* PROBLEM STATEMENT
Apart from the images, repeat the data below exactly as written.

* THE DATA
● ● ● ●
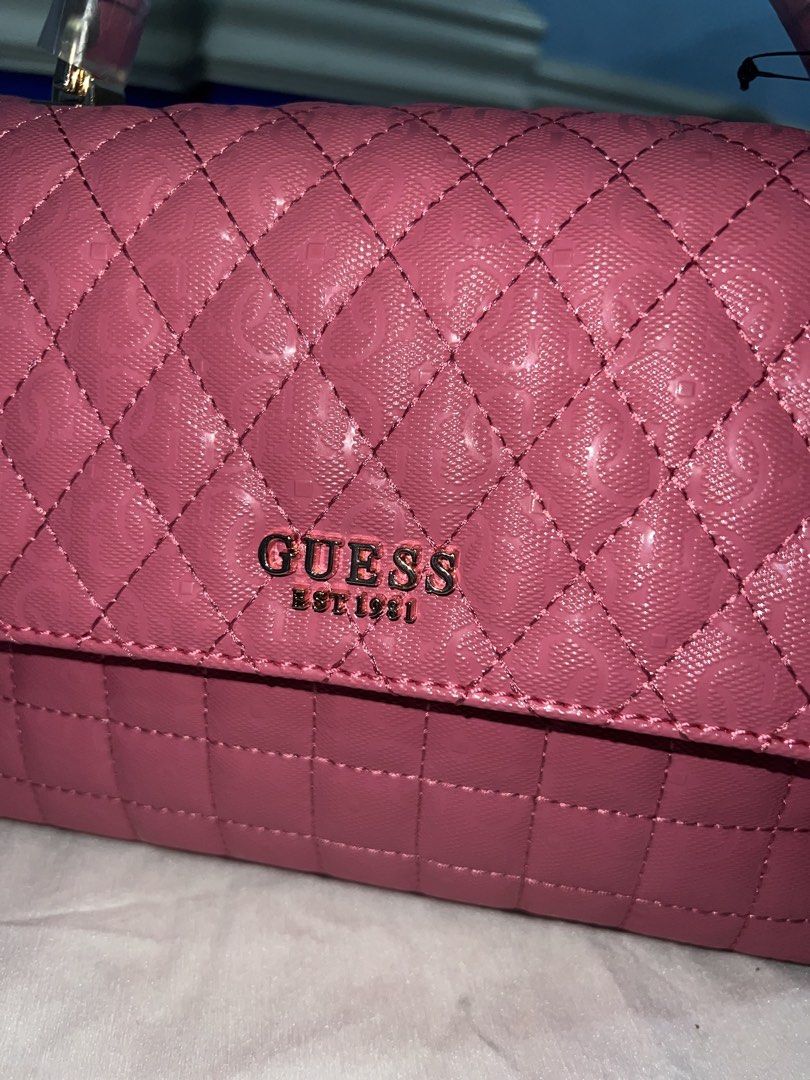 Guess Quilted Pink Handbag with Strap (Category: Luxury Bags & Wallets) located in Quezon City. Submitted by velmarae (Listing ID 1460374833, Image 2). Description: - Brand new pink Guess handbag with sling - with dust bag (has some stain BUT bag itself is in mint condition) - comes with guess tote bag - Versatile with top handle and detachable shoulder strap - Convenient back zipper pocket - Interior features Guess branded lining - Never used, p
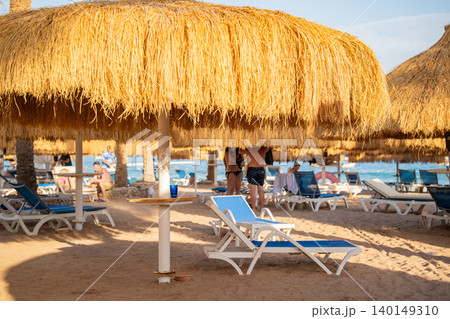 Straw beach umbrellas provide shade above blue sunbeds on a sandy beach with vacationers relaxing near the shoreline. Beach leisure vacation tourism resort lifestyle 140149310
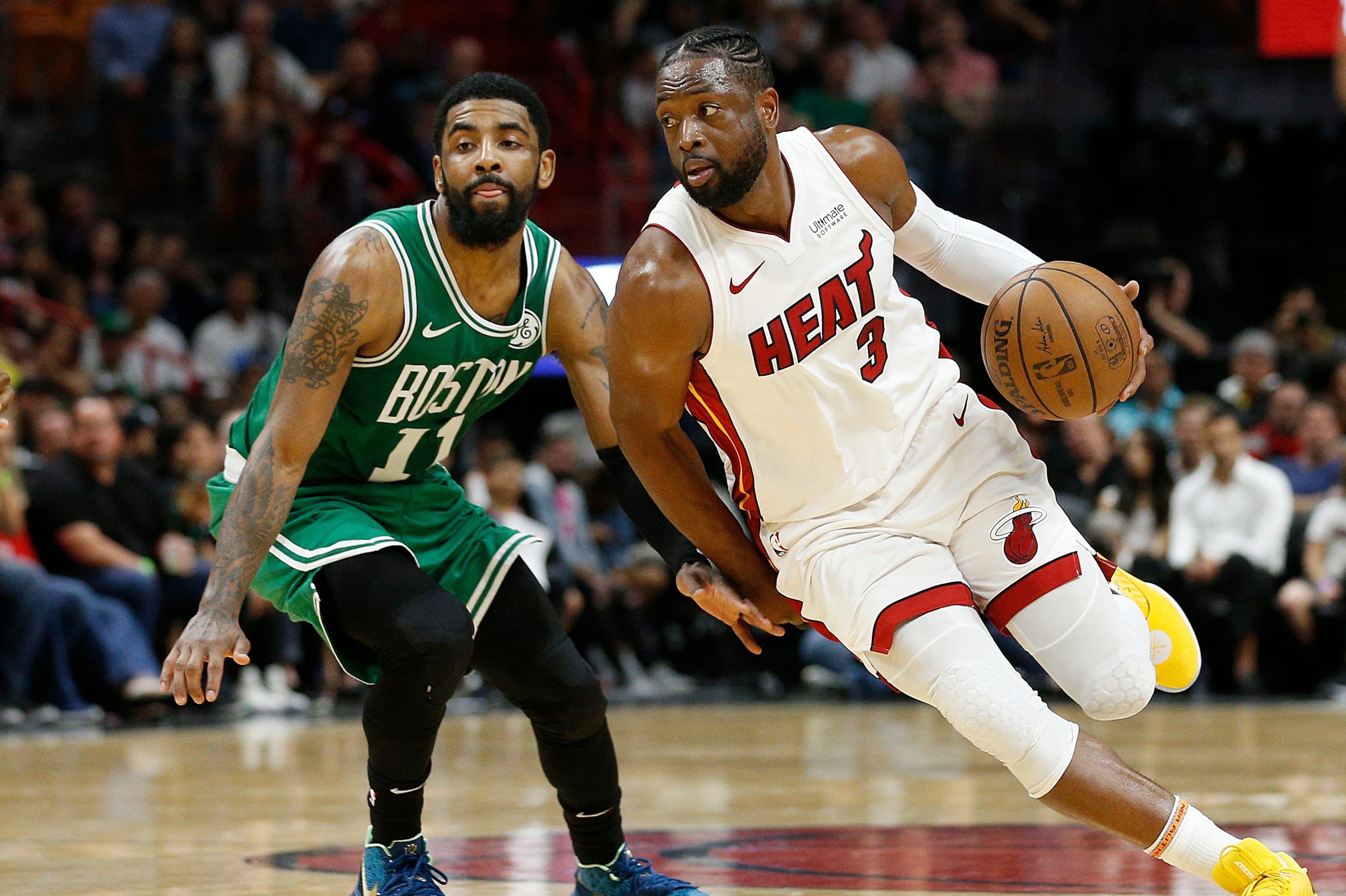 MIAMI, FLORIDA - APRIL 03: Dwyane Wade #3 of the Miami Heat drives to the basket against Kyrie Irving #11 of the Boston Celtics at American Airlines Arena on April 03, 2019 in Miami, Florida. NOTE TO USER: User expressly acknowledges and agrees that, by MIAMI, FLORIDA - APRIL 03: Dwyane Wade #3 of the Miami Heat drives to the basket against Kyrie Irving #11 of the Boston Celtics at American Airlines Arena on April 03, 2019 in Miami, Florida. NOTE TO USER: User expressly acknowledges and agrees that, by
● ● ● ●
* OUTPUT FOR THIS TASK
 Guess Quilted Pink Handbag with Strap (Category: Luxury Bags & Wallets) located in Quezon City. Submitted by velmarae (Listing ID 1460374833, Image 2). Description: - Brand new pink Guess handbag with sling - with dust bag (has some stain BUT bag itself is in mint condition) - comes with guess tote bag - Versatile with top handle and detachable shoulder strap - Convenient back zipper pocket - Interior features Guess branded lining - Never used, p
 Straw beach umbrellas provide shade above blue sunbeds on a sandy beach with vacationers relaxing near the shoreline. Beach leisure vacation tourism resort lifestyle 140149310
 MIAMI, FLORIDA - APRIL 03: Dwyane Wade #3 of the Miami Heat drives to the basket against Kyrie Irving #11 of the Boston Celtics at American Airlines Arena on April 03, 2019 in Miami, Florida. NOTE TO USER: User expressly acknowledges and agrees that, by MIAMI, FLORIDA - APRIL 03: Dwyane Wade #3 of the Miami Heat drives to the basket against Kyrie Irving #11 of the Boston Celtics at American Airlines Arena on April 03, 2019 in Miami, Florida. NOTE TO USER: User expressly acknowledges and agrees that, by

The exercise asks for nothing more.